Zaritsky & Lin (1997) studied the optical CMD of a field ~ 2° north-west of the LMC center and found a vertical extension at the bright end of the Red Clump. They suggested that this feature is due to stars 15-17 kpc above the LMC disk. However, this interpretation has been challenged for many different reasons (e.g., Bennett 1998; Gould 1998, 1999). Most seriously, Beaulieu & Sackett (1998) pointed out that a Vertical Red Clump (VRC) extension is naturally expected from stellar evolution due to young helium core burning stars. The same feature is seen in the Fornax and Sextans A dwarfs (Gallart 1998). It remains somewhat open to discussion whether the number of stars in the LMC VRC is larger than expected given our understanding of the LMC star formation history, so a foreground population is not strictly ruled out (Zaritsky et al. 1999). However, it certainly doesn't appear to be a favored interpretation of the data. Also, the kinematics of the VRC stars is indistinguishable from that of LMC Red Clump stars (Ibata, Lewis & Beaulieu 1998). More recently, Zhao et al. (2003) performed a detailed radial velocity survey of 1300 stars of various types within ~ 2° from the LMC center. They found no evidence for stars with kinematics that differ significantly from that of the main LMC disk. This rules out a significant foreground or background population of stars that reside in a tidal stream that is seen superposed onto the LMC by chance (Zhao 1999). Any foreground or background population must be physically associated with the LMC, and share its kinematics. Sub-populations within the LMC with subtly different kinematics have been suggested (Graff et al. 2000), but only at low statistical significance.
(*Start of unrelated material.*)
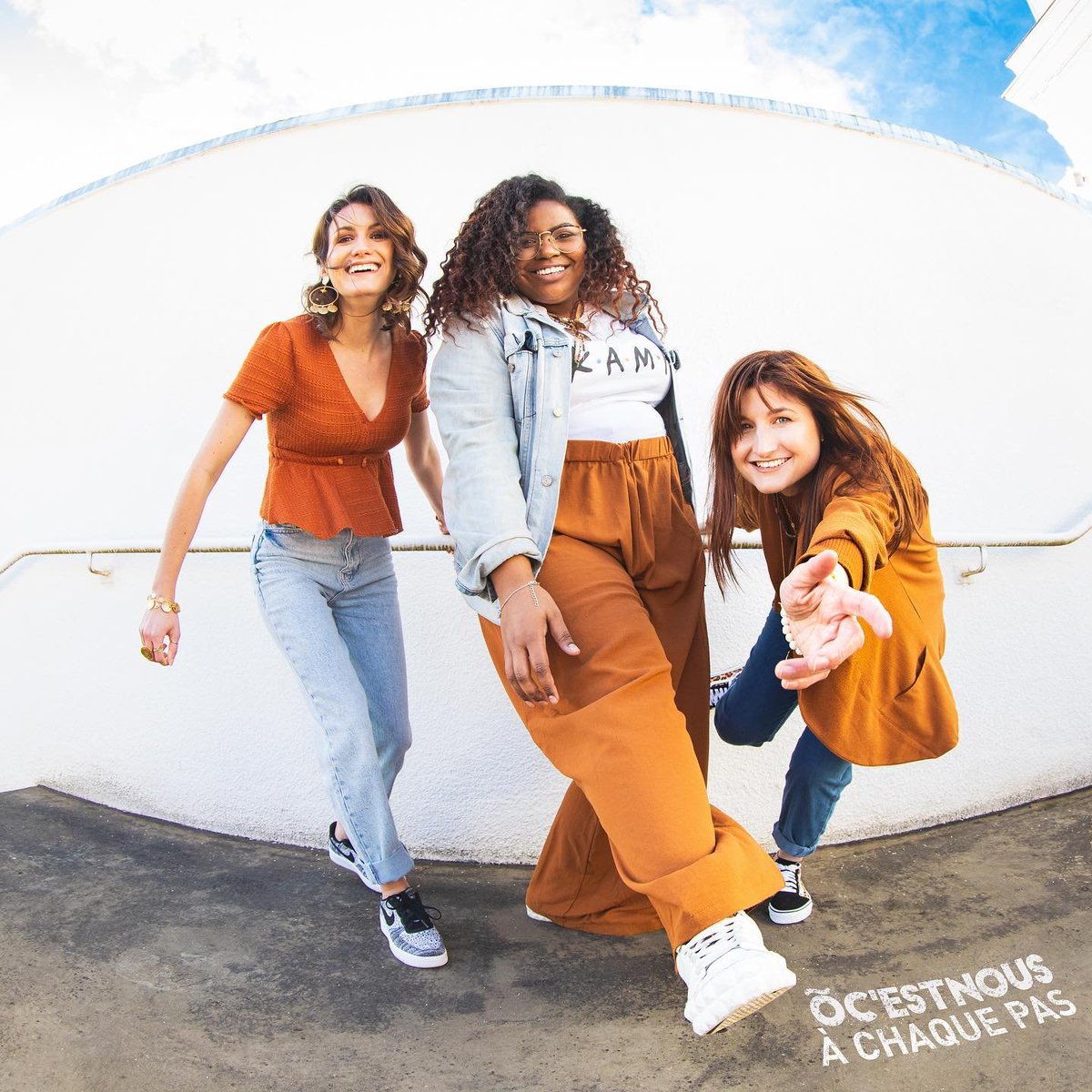 RIFFX_fr's tweet photo. Plein de talents ! Notre coup de cœur du jour, c'est le trio @Ocestnous qui nous met de bonne humeur à chaque musique 🥰 #OCestNous #AChaquePas 
Découvrez "À Chaque Pas" maintenant ⤵️
https://t.co/QCwxjVKsNl https://t.co/48PrXyOG3a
Other arguments for stars at large distances from the LMC disk also have not been convincing. Kunkel et al. (1997b) argued on the basis of carbon star velocities that the LMC has a polar ring. However, the carbon star velocity field shown in Figure 7 seems to be well fit by a single rotation disk model. It is possible that the Kunkel et al. study was affected by the use of an LMC transverse velocity value of only 240 km s-1, which is considerably below the value indicated by presently available proper motion data (406 ± 44 km s-1; see Section 4). Weinberg & Nikolaev (2001) found a tail of relatively faint stars in luminosity functions of AGB stars selected by J - K color from 2MASS data. They suggested that this is not due to dust extinction but might indicate stars behind the LMC. On the other hand, the distribution of these stars on the sky (van der Marel, unpublished) bears a strong resemblance to the far infrared IRAS map of LMC dust emission (Schwering 1989). This casts doubt on the interpretation that the brightnesses of these stars have not been affected by dust. Weinberg & Nikolaev (2001) also found a slightly non-Gaussian tail in their AGB star luminosity functions towards brighter magnitudes. However, this need not indicate stars in the foreground, given that there is no a priori reason why the AGB star luminosity function would have to be Gaussian. In another study, Alcock et al. (1997) found no evidence for unexpected numbers of RR Lyrae stars at distances beyond ~ 15 kpc from the LMC disk plane.